Ann Arbor city council meeting (Feb. 22, 2011): In a meeting that wrapped up in less than two hours, the council handled several agenda items, including: an affordable housing site plan from Avalon Housing at 1500 Pauline; authorization of increased golf fees; reappointment of the golf task force; an appointment to the environmental commission; and the purchase of new police cars.
Before the Feb. 22 council meeting, Sandi Smith (Ward 1) chatted with Dennis Hayes about the medical marijuana licensing ordinance. The council delayed taking action on the ordinance. (Photos by the writer.)
However the council chose to delay some of its business due to the absences of four members – Carsten Hohnke (Ward 5), Marcia Higgins (Ward 4), Christopher Taylor (Ward 3) and Stephen Rapundalo (Ward 2). By way of explanation for the four absences, mayor John Hieftje offered the fact that it’s vacation week for the Ann Arbor Public Schools.
The delayed business included a set of proposed licensing rules for medical marijuana businesses. The council heard from advocates of medical marijuana during public commentary at the start of the meeting, but when they reached the item on their agenda, the seven councilmembers who attended the meeting decided to postpone their vote on the issue without deliberating on or amending the licensing proposal. It marks the fifth time the council has decided not to take an initial vote on the licensing, dating back to Dec. 6, 2010. The council must take two votes on any new ordinance.

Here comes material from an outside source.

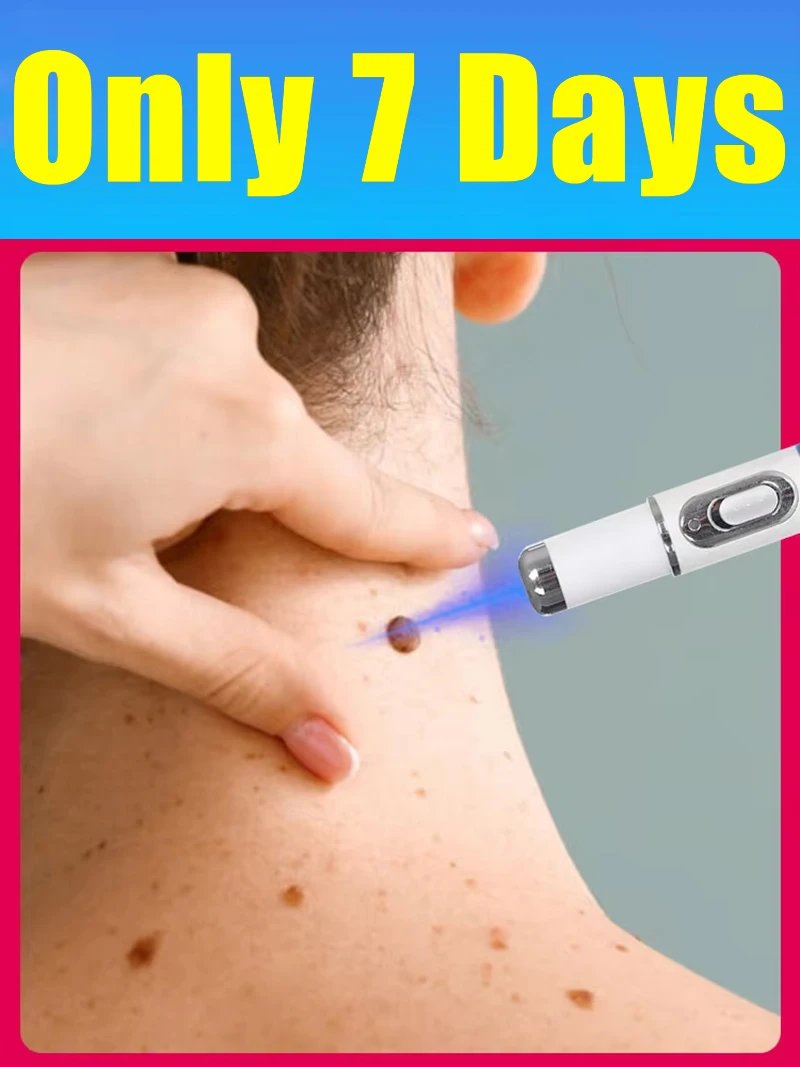 2026NEW blue light laser pen to solve neck warts, hot wart care tools.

Also delayed were two easements – one for pedestrian access and one for public utilities – from Glacier Hills Inc., a retirement community. Under the city charter, eight votes are required for approval of such easements. Rather than have the easements fail on a 7-0 vote, the council chose instead to postpone action.
During his communications, city administrator Roger Fraser gave the council a broad-strokes overview of potential impacts that Gov. Rick Snyder’s proposed state budget could have on the city of Ann Arbor. In a roughly $80 million general fund city budget, the $2.4 million projected shortfall – on which current reduction targets are based – could increase by $0.5 million (to $2.9 million) or by $1.7 million (to $4.1 million), depending on how state revenue sharing and state fire protection grants are handled in the state budget. The state’s fiscal year begins on Oct. 1, but the city of Ann Arbor must finalize its own budget in May, for a fiscal year starting July 1.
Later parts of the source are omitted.